Segment Open

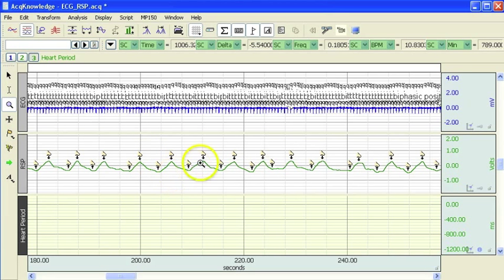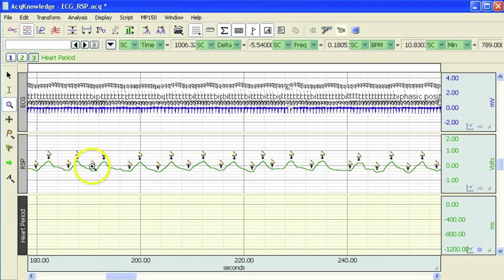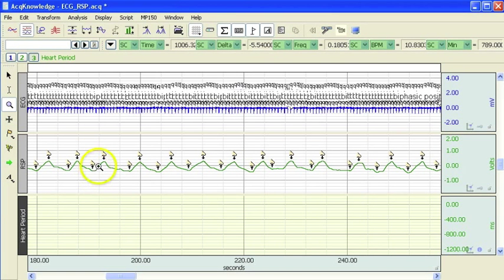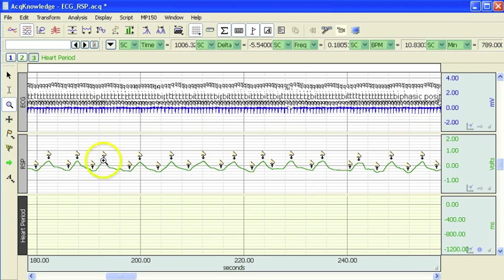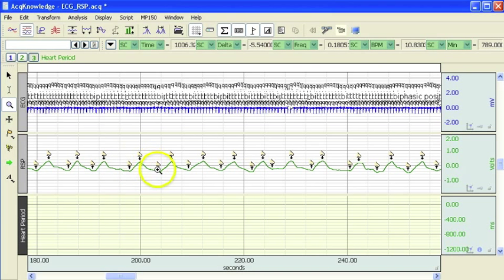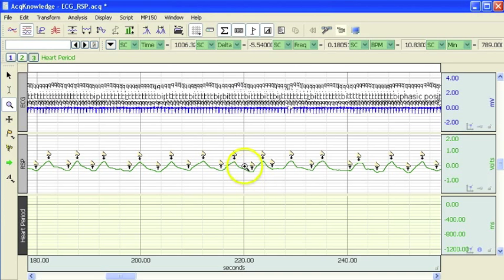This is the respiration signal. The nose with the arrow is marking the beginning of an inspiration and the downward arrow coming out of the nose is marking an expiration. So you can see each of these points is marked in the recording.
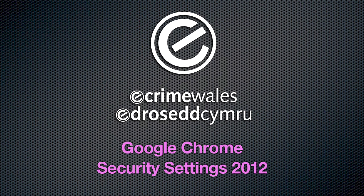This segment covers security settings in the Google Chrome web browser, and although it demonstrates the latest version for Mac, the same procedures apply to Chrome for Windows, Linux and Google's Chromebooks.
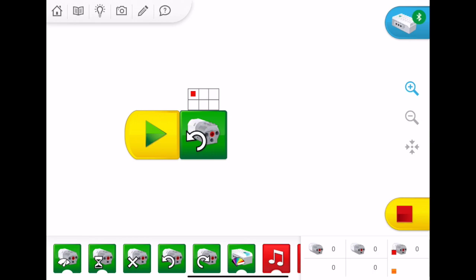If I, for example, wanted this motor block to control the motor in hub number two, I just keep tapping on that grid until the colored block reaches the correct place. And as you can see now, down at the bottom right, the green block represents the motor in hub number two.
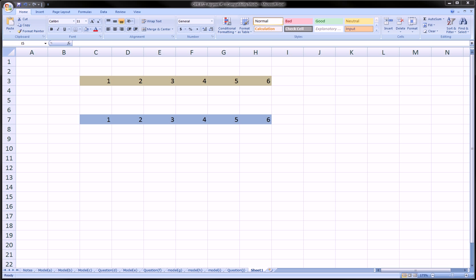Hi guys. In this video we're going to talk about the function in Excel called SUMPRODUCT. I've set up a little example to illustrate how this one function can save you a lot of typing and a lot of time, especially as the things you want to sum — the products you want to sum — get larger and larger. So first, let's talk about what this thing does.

Segment Closed
Segment Open

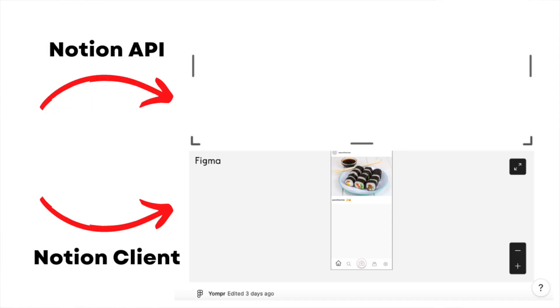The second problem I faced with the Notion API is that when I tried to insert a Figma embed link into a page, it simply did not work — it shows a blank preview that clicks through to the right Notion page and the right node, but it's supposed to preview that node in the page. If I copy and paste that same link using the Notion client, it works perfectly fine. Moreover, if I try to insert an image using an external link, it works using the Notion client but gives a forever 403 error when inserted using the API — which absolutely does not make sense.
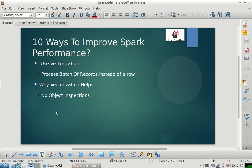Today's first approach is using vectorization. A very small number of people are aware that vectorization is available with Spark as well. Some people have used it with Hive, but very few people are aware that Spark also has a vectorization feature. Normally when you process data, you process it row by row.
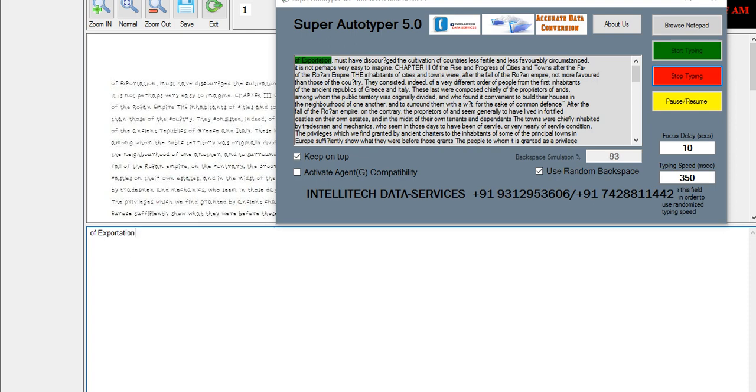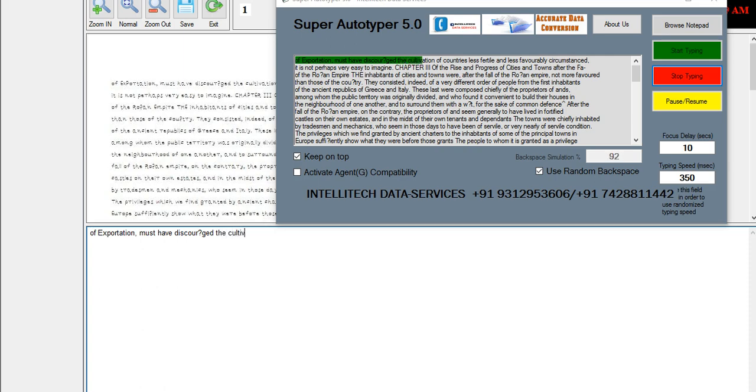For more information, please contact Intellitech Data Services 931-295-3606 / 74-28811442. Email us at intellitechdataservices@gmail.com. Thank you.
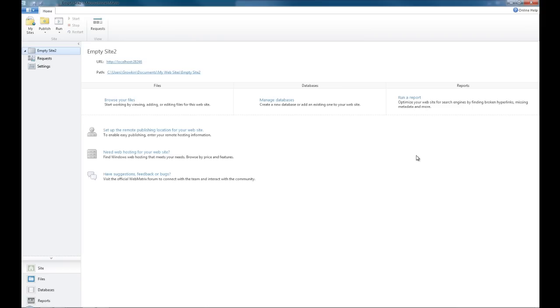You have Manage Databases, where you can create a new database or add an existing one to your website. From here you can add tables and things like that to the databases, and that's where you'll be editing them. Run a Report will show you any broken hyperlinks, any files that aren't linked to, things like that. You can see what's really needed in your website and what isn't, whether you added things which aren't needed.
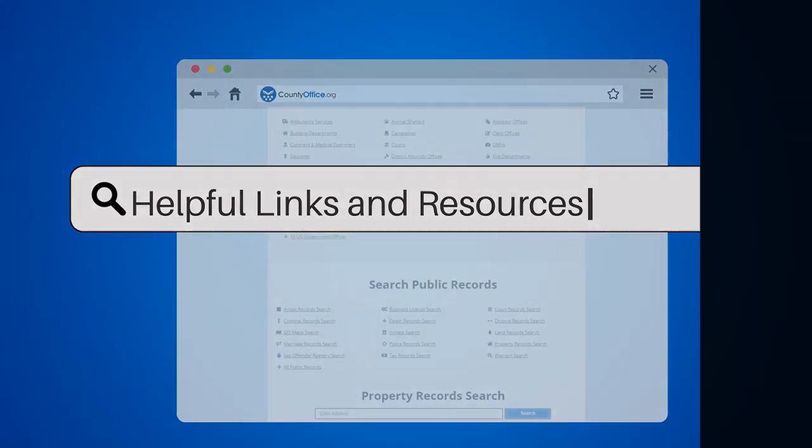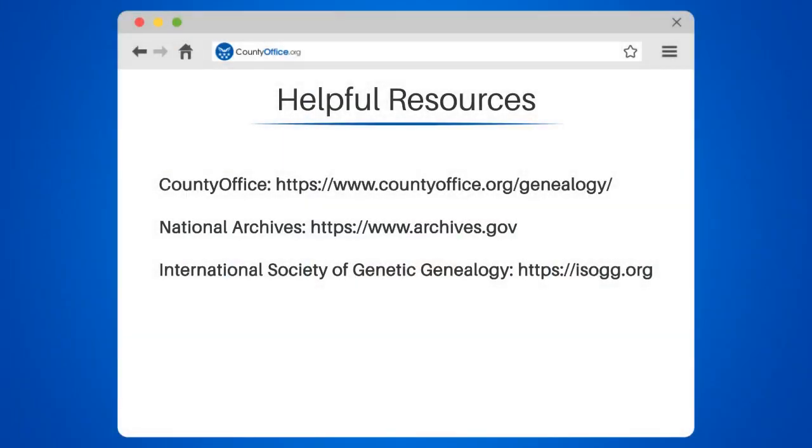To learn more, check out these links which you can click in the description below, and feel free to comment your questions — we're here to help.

Segment Closed

WHAT TO PRODUCE: Look above for the line with "If I, for example, wanted" and the line with "Hi guys. In", then restate exactly those two lines and all lines between them, with no pictures.

RESULT OF THIS EXERCISE:
If I, for example, wanted this motor block to control the motor in hub number two, I just keep tapping on that grid until the colored block reaches the correct place. And as you can see now, down at the bottom right, the green block represents the motor in hub number two.
Hi guys. In this video we're going to talk about the function in Excel called SUMPRODUCT. I've set up a little example to illustrate how this one function can save you a lot of typing and a lot of time, especially as the things you want to sum — the products you want to sum — get larger and larger. So first, let's talk about what this thing does.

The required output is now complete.